DIE WENDE bei den österreichischen Grünen

A. Krieg in Jugoslawien: Österreichischs Grüne schwenken auf Linie von Joseph Fischer ein

24. März

Am Abend des 24. März 1999 fallen die ersten Bomben auf die Bundesrepublik Jugoslawien.

26./27. März

Offener Brief an Bundesvorstand der österreichischen Grünen "Wer jetzt nicht handelt, wird mitschuldig" wird von 47 Grünmitgliedern unterstützt.

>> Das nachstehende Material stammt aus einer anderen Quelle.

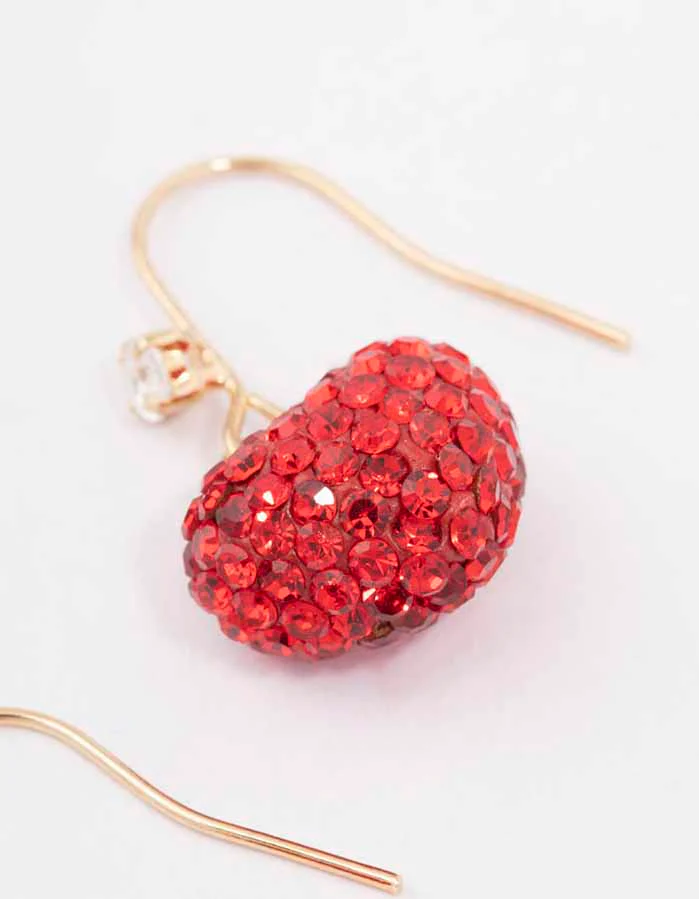 Gold & Red Glamorous Puffy Heart Drop Earrings - Image 3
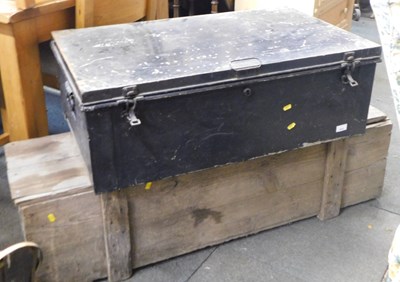 Lot 1052 - A black painted metal trunk, 31cm high, 90cm...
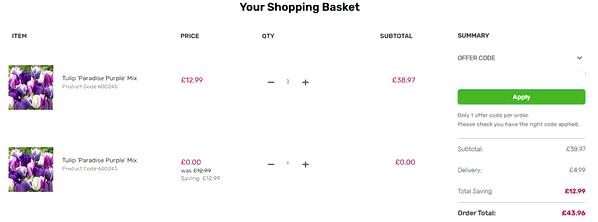 Gardening Direct shopping basket screenshot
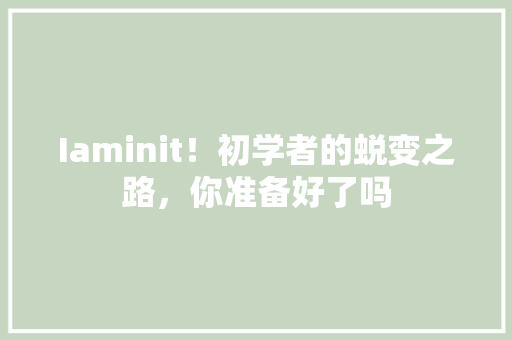 Iaminit！初学者的蜕变之路，你准备好了吗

Drei zentrale Forderungen:

  1. Entschiedene Antikriegspolitik
  2. Massive Kritik an der Kriegspolitik der deutschen Grünen
  3. Falls die deutschen Grünen nicht zur Kurskorrektur bereit sind, müssen sie aus der gemeinsamen Föderation der europäischen Grünparteien ausgeschlossen werden.

27. März

EBV nimmt ein Papier von Johannes Voggenhuber zur Kenntnis, in dem dieser Krieg aus 7 Gründen verurteilt wird. Gefordert wird die Einstellung aller Kampfhandlungen, Rückkehr zum Verhandlungstisch (unter Einbeziehung Rußlands und der Anerkennung der völkerrechtlichen Oberhoheit der UN), europäische koordinierte Hilfsmaßnahmen für die Flüchtlinge, etc. Klar benannt wird, dass der Kososo-Konflikt instrumentalisiert wird, um die NATO-neu (globaler Interventionismus der wirtschaftlich reichen Staaten) durchzusetzen.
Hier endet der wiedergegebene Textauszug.